Federal courts in the past have adjudicated disputes arising out of Puerto Rico's electoral laws and procedures. See, e.g., Rodriguez v. Popular Democratic Party, 457 U.S. 1, 102 S. Ct. 2194, 72 L. Ed. 2d 628 (1982); Partido Nuevo Progresista v. Barreto Perez, 639 F.2d 825 (1st Cir.1980), cert. denied, 451 U.S. 985, 101 S. Ct. 2318, 68 L. Ed. 2d 842 (1981); Torres-Torres v. Commission Estatal de Elecciones de Puerto Rico, 700 F. Supp. 613 (D.P.R.1988); Partido Nuevo Progresista v. Hernandez Colon, 415 F. Supp. 475 (D.P.R.1976). In addition to their other claims, plaintiffs also allege that the timing of the referendum works a disenfranchisement on certain voters, and that Acts 85 and 86 violate their First, Fifth, and Fourteenth Amendment rights. Plaintiffs raise in their complaint both constitutional issues and questions pertaining to federal statutes. A federal question is present, and this Court therefore *651 has jurisdiction under 28 U.S.C. sec. 1331.

Defendants assert that this case is not justiciable because it presents a political question. A case presenting a political question is not justiciable. However, the fact that a suit involves a political right does not mean that it presents a non-justiciable political question. Baker v. Carr, 369 U.S. 186, 209, 82 S. Ct. 691, 706, 7 L. Ed. 2d 663 (1962). A case involving a political issue may also have a constitutional dimension which merits adjudication by a federal court. Additionally, it is the role of federal courts to enforce federally protected rights that may be violated by local electoral laws. Torres, 700 F.Supp. at 618. Plaintiffs claim that Acts 85 and 86 infringe on their constitutional rights.
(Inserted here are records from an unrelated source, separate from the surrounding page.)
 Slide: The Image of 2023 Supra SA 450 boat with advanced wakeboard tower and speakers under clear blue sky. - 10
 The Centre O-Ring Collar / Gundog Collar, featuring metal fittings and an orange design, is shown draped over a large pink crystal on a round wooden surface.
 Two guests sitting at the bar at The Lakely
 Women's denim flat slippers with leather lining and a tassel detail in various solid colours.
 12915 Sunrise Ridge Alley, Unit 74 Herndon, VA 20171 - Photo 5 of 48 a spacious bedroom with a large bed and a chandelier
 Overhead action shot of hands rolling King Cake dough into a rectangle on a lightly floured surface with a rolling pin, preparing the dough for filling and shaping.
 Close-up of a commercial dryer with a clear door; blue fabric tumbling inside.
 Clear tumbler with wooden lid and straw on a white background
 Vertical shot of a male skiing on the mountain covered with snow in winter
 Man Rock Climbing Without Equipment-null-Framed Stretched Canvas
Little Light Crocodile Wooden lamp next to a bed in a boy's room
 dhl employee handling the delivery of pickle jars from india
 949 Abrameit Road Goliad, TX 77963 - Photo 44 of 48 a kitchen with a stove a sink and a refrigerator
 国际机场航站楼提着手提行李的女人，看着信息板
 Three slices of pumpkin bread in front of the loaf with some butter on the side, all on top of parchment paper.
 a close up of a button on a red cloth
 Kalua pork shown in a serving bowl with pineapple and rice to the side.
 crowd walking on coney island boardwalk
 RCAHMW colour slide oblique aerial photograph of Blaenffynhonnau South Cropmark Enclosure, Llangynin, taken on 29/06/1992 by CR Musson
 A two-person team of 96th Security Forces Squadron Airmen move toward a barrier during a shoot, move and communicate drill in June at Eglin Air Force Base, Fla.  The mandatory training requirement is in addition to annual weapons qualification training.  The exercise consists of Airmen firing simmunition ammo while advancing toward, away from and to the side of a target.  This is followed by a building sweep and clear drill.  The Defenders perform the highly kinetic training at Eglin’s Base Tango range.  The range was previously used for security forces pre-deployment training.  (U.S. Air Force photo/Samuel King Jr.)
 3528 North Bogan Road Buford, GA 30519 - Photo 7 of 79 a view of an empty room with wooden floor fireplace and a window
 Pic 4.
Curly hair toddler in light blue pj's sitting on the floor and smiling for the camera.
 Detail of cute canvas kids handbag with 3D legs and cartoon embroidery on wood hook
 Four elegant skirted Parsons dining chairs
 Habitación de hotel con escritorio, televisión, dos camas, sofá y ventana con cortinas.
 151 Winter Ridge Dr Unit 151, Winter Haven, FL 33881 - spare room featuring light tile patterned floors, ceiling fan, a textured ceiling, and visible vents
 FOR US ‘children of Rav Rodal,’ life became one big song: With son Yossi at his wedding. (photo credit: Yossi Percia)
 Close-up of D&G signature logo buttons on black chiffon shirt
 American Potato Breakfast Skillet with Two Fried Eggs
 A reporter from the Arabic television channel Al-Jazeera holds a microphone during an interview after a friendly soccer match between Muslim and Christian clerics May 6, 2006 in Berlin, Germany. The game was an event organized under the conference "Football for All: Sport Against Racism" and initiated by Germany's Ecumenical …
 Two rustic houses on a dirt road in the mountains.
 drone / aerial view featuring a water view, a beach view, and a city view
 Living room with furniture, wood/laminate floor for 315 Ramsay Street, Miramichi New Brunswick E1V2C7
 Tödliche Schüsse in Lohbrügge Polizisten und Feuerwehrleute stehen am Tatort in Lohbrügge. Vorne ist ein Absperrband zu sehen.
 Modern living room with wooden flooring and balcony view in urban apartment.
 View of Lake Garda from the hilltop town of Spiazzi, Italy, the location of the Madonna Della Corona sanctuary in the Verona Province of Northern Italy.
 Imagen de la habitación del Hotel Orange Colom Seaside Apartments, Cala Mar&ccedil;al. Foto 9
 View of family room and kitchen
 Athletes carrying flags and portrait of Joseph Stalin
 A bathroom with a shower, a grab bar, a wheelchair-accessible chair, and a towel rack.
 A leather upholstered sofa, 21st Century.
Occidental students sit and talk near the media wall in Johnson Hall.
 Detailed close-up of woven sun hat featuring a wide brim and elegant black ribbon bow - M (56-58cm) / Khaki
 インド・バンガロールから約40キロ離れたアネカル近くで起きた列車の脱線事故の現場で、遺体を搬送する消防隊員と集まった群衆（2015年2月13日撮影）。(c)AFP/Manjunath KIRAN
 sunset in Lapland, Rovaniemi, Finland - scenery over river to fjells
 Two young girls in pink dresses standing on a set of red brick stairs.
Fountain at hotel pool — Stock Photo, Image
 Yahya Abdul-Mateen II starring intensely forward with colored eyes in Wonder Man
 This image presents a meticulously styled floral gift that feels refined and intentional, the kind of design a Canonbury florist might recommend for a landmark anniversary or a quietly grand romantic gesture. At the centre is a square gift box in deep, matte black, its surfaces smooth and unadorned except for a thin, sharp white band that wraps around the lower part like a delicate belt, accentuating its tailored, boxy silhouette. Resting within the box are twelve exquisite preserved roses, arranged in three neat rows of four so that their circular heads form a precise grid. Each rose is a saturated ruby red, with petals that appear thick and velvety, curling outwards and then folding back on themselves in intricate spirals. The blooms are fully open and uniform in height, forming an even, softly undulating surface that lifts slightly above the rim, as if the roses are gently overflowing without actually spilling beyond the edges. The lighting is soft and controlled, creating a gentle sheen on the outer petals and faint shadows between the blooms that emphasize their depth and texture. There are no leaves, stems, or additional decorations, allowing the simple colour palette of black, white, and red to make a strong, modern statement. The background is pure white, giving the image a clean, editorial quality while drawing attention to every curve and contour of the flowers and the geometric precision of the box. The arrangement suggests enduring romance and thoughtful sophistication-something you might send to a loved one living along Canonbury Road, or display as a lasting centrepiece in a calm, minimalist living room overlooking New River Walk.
This case presents a justiciable question and is therefore properly before the court.

B. Standing

Defendants challenge plaintiffs' standing to bring this cause of action. Initially, we note that plaintiffs are challenging the referendum on two distinct grounds. One, they claim that the State Elections Commission's alleged inability to register all eligible voters would amount to an unconstitutional denial to these citizens of the right to vote. Two, they claim that the referendum itself violates their First, Fifth, and Fourteenth Amendment rights; Public Law 600,[1] and Public Law 447,[2] and the Puerto Rico Constitution.

The issue of standing goes to whether a plaintiff has alleged such a personal stake in the outcome of a case or controversy as to warrant federal court adjudication of his claim. Warth v. Seldin, 422 U.S. 490, 498, 95 S. Ct. 2197, 2205, 45 L. Ed. 2d 343 (1975). A litigant has standing to sue if it can show that it has suffered an actual or threatened injury as a result of the defendant's conduct. Valley Forge Christian College v. Americans United For Separation Of Church And State, 454 U.S. 464, 472, 102 S. Ct. 752, 758, 70 L. Ed. 2d 700 (1982). Furthermore, the injury must be fairly traceable to the challenged action and must be likely to be corrected by a decision in plaintiff's favor. Id.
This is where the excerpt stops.